Home Prices Dip In October

Home prices fell for a second straight month in October, according to the Standard & Poor’s / Case-Shiller index, released earlier this week. The index tracks prices in the nation’s 20 largest cities, of which 19 showed a decline on a month to month basis. Overall the index slipped 1.2 percent from September’s prices, and are down 3.4 percent compared to October 2010. Of course, a decline in home prices is typical this time of the year, as home buyers tend to be the most active during the summer, and sales historically tail off toward the end of the year.

Of the cities tracked by the S&P index, Atlanta is suffering through the worst decline in values, as prices fell 5 percent in October after falling 5.9 percent in September, and are now down 11.7 percent on a year-to-year basis. Atlanta, Cleveland, Detroit and Las Vegas, meanwhile all have average prices lower than those seen at the beginning of 2000. US home values appeared to have stabilized during the summer, but analysts note that the brief respite from falling prices was merely a result of banks slowing down the foreclosure process.

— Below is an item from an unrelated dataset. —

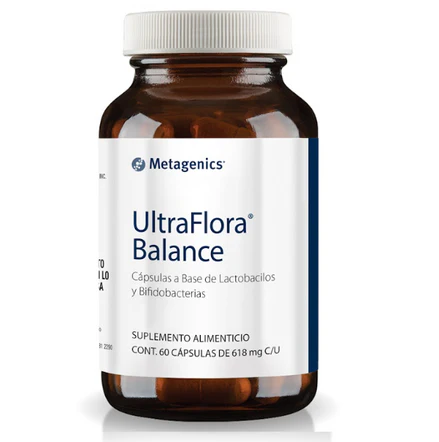 Ultra Flora Balance 618 mg de Metagenics  | Contribuye al Bienestar Inmune y Digestivo | 60 cápsulas vegetales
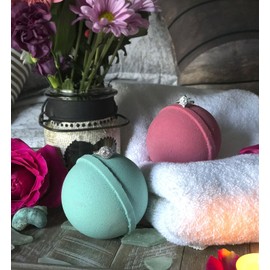 Jackpot Candles Mermaid Love Potion Bath Bombs Gift Set of 2 with Ring Surprise Inside Each M...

The housing market still has to contend with a massive shadow inventory of distressed properties, the bulk of which must go through the system before any real recovery can take place in the housing market. At the end of the third quarter, there were still 6 million homeowners, or 12.6 percent of those with an outstanding mortgage, that were either seriously behind on their monthly payments or already in some stage of the foreclosure process. Furthermore, more than a fifth of the nation’s homes with mortgages were underwater, meaning their owners owed more on the loan than the home was worth.